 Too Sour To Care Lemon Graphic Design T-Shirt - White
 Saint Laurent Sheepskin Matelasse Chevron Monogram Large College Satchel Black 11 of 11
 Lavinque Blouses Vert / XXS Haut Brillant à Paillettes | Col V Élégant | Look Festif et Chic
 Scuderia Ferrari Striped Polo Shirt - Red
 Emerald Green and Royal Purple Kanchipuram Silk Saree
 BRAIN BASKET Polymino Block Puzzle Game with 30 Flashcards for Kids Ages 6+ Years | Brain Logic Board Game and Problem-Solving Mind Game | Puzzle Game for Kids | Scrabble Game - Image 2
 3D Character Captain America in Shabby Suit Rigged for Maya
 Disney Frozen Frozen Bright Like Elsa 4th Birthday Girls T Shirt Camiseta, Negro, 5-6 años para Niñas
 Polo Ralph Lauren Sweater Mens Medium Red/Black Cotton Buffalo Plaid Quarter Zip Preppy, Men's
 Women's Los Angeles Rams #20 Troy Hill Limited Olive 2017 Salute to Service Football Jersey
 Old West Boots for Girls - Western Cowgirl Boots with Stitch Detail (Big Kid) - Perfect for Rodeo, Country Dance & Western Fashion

EXERCISE AIM — Where the string "with" occurs in a line of the material above, copy the whole line.

TASK ANSWER —
 BRAIN BASKET Polymino Block Puzzle Game with 30 Flashcards for Kids Ages 6+ Years | Brain Logic Board Game and Problem-Solving Mind Game | Puzzle Game for Kids | Scrabble Game - Image 2
 Old West Boots for Girls - Western Cowgirl Boots with Stitch Detail (Big Kid) - Perfect for Rodeo, Country Dance & Western Fashion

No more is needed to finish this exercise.